Dünden Yarına Batı Medeniyetinin İfşası - 6
01 Eylül 2020

Dünden Yarına Batı Medeniyetinin İfşası - 6

“Dolar bizim paramız, ancak sizin sorununuz” demişti, John Connaly… 1971 yılında ABD Hazine Bakanı olarak görev yaparken dünyanın yeni bir sorununu ifşa etmişti. Çünkü artık Amerika dünyanın en güçlü devleti olarak kendi parasını altın ile mübadeleye kapatmış, doları yeni bir rezerv para olarak ilan etmişti. Bunu da sömürdüğü devletlere yeni mübadele aracı olarak dayatmıştı. Artık her devlet rezervinde olan dolar kadar para basabilecekti. Bu, özelde Amerika’nın genelde Batı medeniyetinin beka mücadelesiydi. Karşılıksız, rezervsiz, istediği zaman, istediği kadar para basmanın tek yoluydu. Zira Amerika bastığı doları iç piyasaya sürmez, dışarıdan petrol alır, enerji üretir, silah temin edebilirdi. Bu şekilde basılan para enflasyon değil aksine ülkeye “mal veya hizmet girdisi” demekti. Hatta bu şekilde dış borcunu kapatabilirdi. Batı bu şekilde dünyanın sermayesi olabildi. Ki bu sermayenin çalıştıramayacağı insan gücü, satın alamayacağı üretim aracı yoktu. Dünya tüm bu olup bitenleri seyrederken elinde oldukça fazla altın rezervi olan ülkeler bu altınların kıymetini doların belirleyeceğini tahmin bile edemediler. Çünkü o egemen devletin parasıydı ve kendisi bir şekilde bu egemen güce boyun büküyordu. Bu yolla Batı, medeniyetinin dünya sahnesinde nefes alma süresini uzattı, sözünün geçerliliğini arttırdı ve dengeleri değiştirebilen bir yapıya kavuştu. Artık ulus devletlerin yeni bir sorunu vardı ve o sorunu çözebilecek şifre Batı’nın elindeydi.
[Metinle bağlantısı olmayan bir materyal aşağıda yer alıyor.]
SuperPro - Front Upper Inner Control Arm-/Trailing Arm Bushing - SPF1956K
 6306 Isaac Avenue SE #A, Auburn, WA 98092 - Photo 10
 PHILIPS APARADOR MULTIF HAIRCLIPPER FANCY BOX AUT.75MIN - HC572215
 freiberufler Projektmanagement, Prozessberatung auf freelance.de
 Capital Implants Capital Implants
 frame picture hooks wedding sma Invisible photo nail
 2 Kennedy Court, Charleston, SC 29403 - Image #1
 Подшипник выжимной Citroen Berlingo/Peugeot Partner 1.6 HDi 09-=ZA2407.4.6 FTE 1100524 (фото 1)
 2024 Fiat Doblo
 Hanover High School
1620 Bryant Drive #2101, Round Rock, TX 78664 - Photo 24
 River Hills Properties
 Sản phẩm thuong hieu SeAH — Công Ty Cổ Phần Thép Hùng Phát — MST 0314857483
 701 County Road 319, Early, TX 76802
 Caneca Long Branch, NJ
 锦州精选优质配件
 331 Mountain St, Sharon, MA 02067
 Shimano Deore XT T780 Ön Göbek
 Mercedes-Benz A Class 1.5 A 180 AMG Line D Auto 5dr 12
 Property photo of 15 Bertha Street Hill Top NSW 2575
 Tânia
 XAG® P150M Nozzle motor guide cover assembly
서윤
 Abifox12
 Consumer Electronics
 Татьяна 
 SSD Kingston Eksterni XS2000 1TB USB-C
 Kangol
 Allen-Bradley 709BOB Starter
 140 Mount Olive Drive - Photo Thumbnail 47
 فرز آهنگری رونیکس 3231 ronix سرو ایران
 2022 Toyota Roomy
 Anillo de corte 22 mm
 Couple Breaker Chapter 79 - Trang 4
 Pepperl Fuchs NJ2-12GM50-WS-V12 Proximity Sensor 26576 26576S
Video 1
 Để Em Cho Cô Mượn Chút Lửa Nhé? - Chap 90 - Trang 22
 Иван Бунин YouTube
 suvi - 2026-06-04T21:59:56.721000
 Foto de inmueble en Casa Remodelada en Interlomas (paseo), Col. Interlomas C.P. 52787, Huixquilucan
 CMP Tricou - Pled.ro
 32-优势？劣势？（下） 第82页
Herhangi madeni bir değer taşımayan kâğıt parçalarıyla, miras veya kazanç yoluyla elde edilmeden zenginleşen Batı, çaktırmadan yeni bir sürecin fitilini ateşliyordu: “Kapitalizm”. Duyguları, inançları ve hayalleri sömürülen toplumlara adı kurtuluş olarak yutturulan yeni bir sömürü aracı kazandırılmıştı. Bu yolla “işçi sınıfı” diye tabir ettikleri ‘proletarya’ bizzat kendi eseri olan, kendisinin ürettiği zenginlikler tarafından köleleştiriliyordu. Yani bir kapitalist sermayedar, satın aldığı üretim araçlarını kullanarak kendisine servetler kazandıracak işçilere hayatta kalabilecekleri, karınlarını doyurabilecekleri ölçüde maaş veriyor ve üretim zincirini böyle sağlamış oluyordu. “Gelir adaleti” denilen yalan, “asgari ücret” denilen safsata işte bu sürecin devamlılığı için şarttı. Tacirler düşük maaşlarla daha çok işçi çalıştıracak, devlet de işsizliği azaltmak adına bu tacirlere kol-kanat gerecekti. Sonra bu tacirler hem daha çok büyüyecek hem devlete verdiği vergi dilimini arttıracak hem de sağladığı istihdam ile toplumsal sükûneti sağlayacağı için hükümetler tarafından desteklenecekti. Kapitalizm bu şekilde gerçekten de kısır ve paradoksal bir döngü oluşturmuştu. Sosyalist iktisadi yapıya alternatif olarak sunulan “devlet-> zengin-> işçi-> devlet” döngüsü artık tam bir sömürge çarkına dönmüştü. Fakat bu çarkın kaybedeni, mağduru şüphesiz ki işçi sınıfını da içinde bulunduran halktı. Kapitalizmde halklar karar veren veya kararlarda fikir beyan eden değil kararları uygulamak zorunda olan taraftır.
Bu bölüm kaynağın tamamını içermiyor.